Department of Anesthesia (MC: 5640), Stanford University School of Medicine, 300 Pasteur Dr., Stanford, CA 94305, USA.
Anesth Analg. 2011 May;112(5):1041-7. doi: 10.1213/ANE.0b013e318210fc64. Epub 2011 Apr 7.
In this study, we assessed the relationship between coagulation parameters using kaolin-activated thromboelastography (TEG®) and total estimated blood loss (EBL) in patients undergoing elective cesarean delivery (CD).
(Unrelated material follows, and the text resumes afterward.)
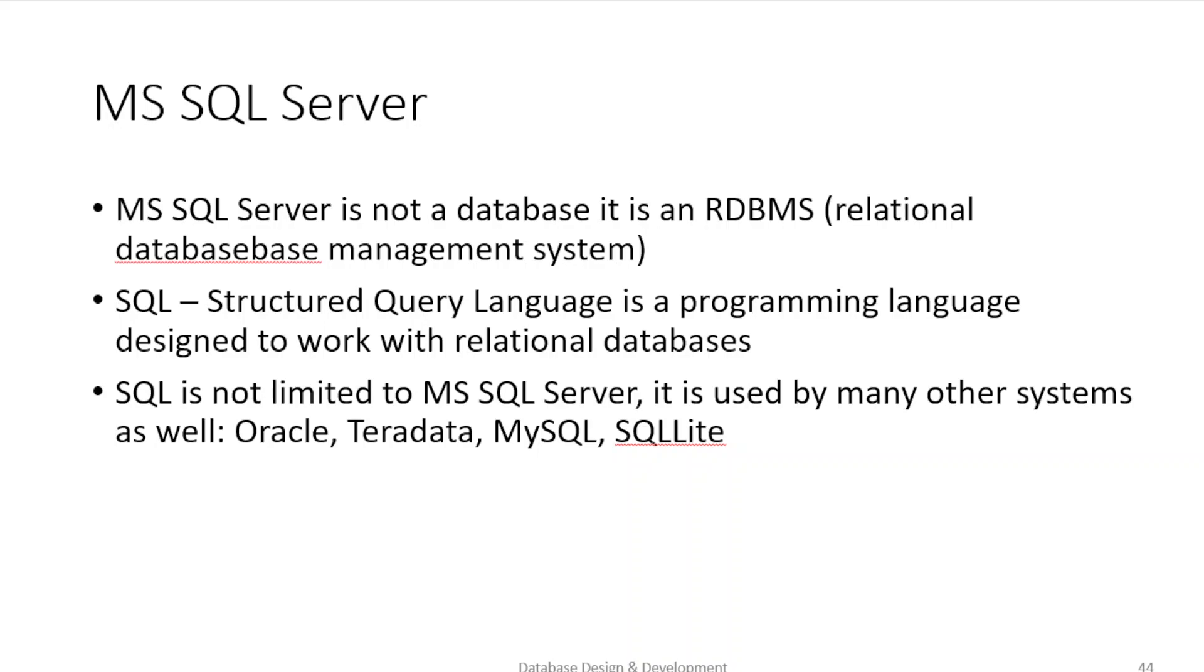All right, so this is part two of our final review. This is the Microsoft SQL Server part. I'm not even going to cover access because I removed all the questions from the final having to do with access.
TEG® parameters were recorded in 52 patients before and after elective CD. Laboratory markers of coagulation (prothrombin time, activated partial thromboplastin time, fibrinogen) were also assessed in a smaller subset (21 patients). Correlation and linear regression analysis was used to assess the relationship among TEG® parameters, relevant clinical variables, and total EBL. Secondary analysis included comparisons of TEG® and coagulation profiles pre-CD versus post-CD.
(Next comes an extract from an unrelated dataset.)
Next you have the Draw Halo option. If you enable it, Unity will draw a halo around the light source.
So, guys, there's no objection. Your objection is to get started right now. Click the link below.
EBL weakly correlated with percentage change in maximum amplitude (r=0.3; P=0.04) and post-CD maximum rate of thrombus generation (r=0.31; P=0.02). Post-CD values for split point, reaction time, time to maximum rate of thrombin generation, prothrombin time, and activated partial thromboplastin time were significantly increased compared with baseline values (P<0.05). Post-CD α angle, maximum amplitude, total thrombus generation, fibrinogen, and platelet counts were significantly decreased compared with baseline values (P<0.05).
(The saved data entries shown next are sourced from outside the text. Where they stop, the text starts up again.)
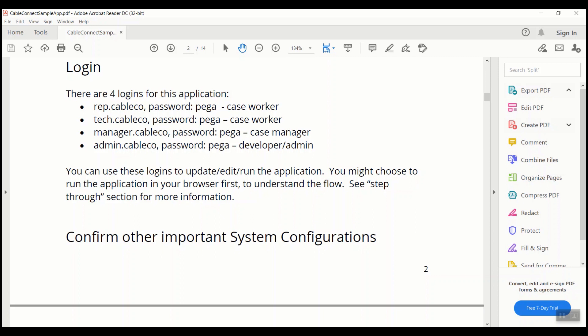Once you enable them, try to log in using the same operator ID to make sure they are working when we are using those operator IDs while sending the API requests.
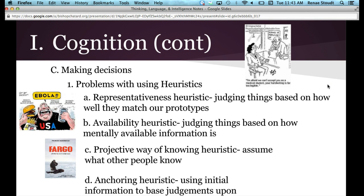The last heuristic problem is the anchoring heuristic — this is when you use initial information to base your judgments upon. There was a study where people estimated the price of various items like an iPad, a car, a water bottle, and a picture frame. They were first asked to write down the last two digits of their social security number next to each item, then estimate the prices. People with lower last two digits tended to estimate lower prices, while those with higher digits estimated higher prices.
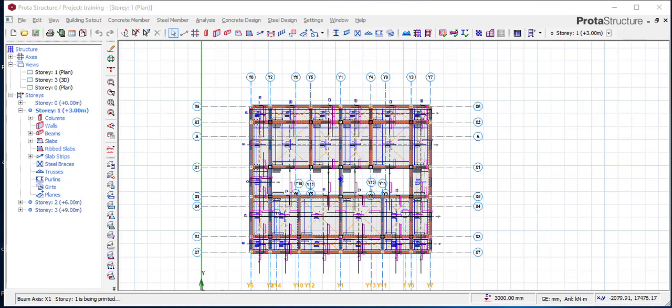We also have Shina Atebio, who asks: how can I change the number of reinforcements in a column from 4Y16 to 6Y16? Also, I offset 2 meters but when I measure it, it does not give me 2 meters. We appreciate you, Shina, and we will answer this question.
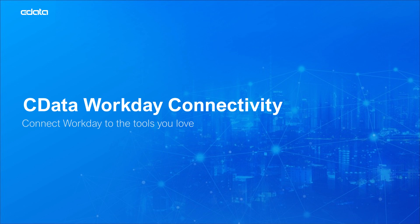With CData Connectivity Solutions, you can connect, integrate, and automate your Workday data like never before. CData Connectivity Solutions leverage the Workday Query Language service and the Workday Reports-as-a-Service to provide comprehensive access to your Workday data.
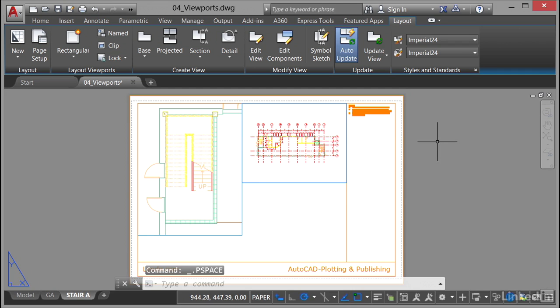So you've now set up what is known as a layout viewport and you've scaled it to a known scale. So that's how you work with your layout viewports in AutoCAD. Notice they are subtly different to your model viewports in your model tab when you're working in AutoCAD.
There is a weak association between clot strength (as assessed by kaolin-activated TEG®) and EBL in patients undergoing elective CD under neuraxial anesthesia, and a modest reduction in the degree of maternal hypercoagulability occurs in the early postpartum period after elective CD.
在这项研究中,我们评估了使用高岭土激活血栓弹力图(TEG®)评估行择期剖宫产(CD)患者凝血参数与总估计失血量(EBL)之间的关系。
在 52 例行择期 CD 的患者中记录 TEG®参数,在较小的亚组(21 例)中还评估了凝血的实验室标志物(凝血酶原时间、活化部分凝血活酶时间、纤维蛋白原)。采用相关和线性回归分析来评估 TEG®参数、相关临床变量与总 EBL 之间的关系。次要分析包括比较 CD 前与 CD 后的 TEG®和凝血谱。
EBL 与最大振幅变化百分比弱相关(r=0.3;P=0.04),与 CD 后血栓生成最大速率也弱相关(r=0.31;P=0.02)。与基线值相比,CD 后血小板计数、凝血酶原时间、活化部分凝血活酶时间、凝血酶生成时间、最大速率、反应时间、分叉点、最大振幅的变化值显著增加(P<0.05)。与基线值相比,CD 后α角、最大振幅、总血栓生成、纤维蛋白原和血小板计数显著降低(P<0.05)。
在接受脊麻下择期 CD 的患者中,血栓强度(通过高岭土激活 TEG®评估)与 EBL 之间存在弱相关性,并且在择期 CD 后早期母体内的高凝状态会适度降低。